Research

As a sociologist with an additional training in mathematical statistics, I am primarily interested in the modeling of people’s decision making in various contexts. Everyday interactions with friends, family or neighbors, peers in schools or colleagues at work as well as the resources we mobilize through such networks: they all influence our own views and decisions. In this vein, I conducted several research projects on neighborhood and other contextual and compositional effects. The results of some of them can be found below, for example, an interactive map of influences of the regional opportunity structure on individual education, labor market, and participation chances in Switzerland.

As of February 2022, I will start my own research group at the University of Bern to further study neighborhood effects and the role of localized on- and offline networks. The summary of the project can be found here.
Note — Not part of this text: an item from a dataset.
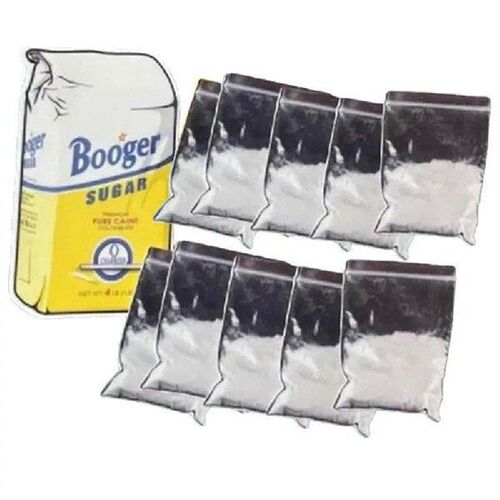 10Pcs Little Blow Baggie Joke Stickers April Fool Prank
The effects of local and regional opportunity structures

In ongoing work, I focus on the quantitative modeling of neighborhood and other contextual effects on individual life chances, such as educational transitions, labor market participation, social mobility and political participation. Some of this work found its way into a science communication project, funded by the Swiss National Science Foundation, in form of an interactive online application: www.geographies-of-opportunity.ch

Methodologies

Apart from studying intrinsically sociological outcomes, I also develop and promote new methodological approaches, for example how we can deal with missing data in spatial econometric models, how such models can be used to obtain better propensity weights to adjust for survey nonresponse, or modified forms of survey experiments.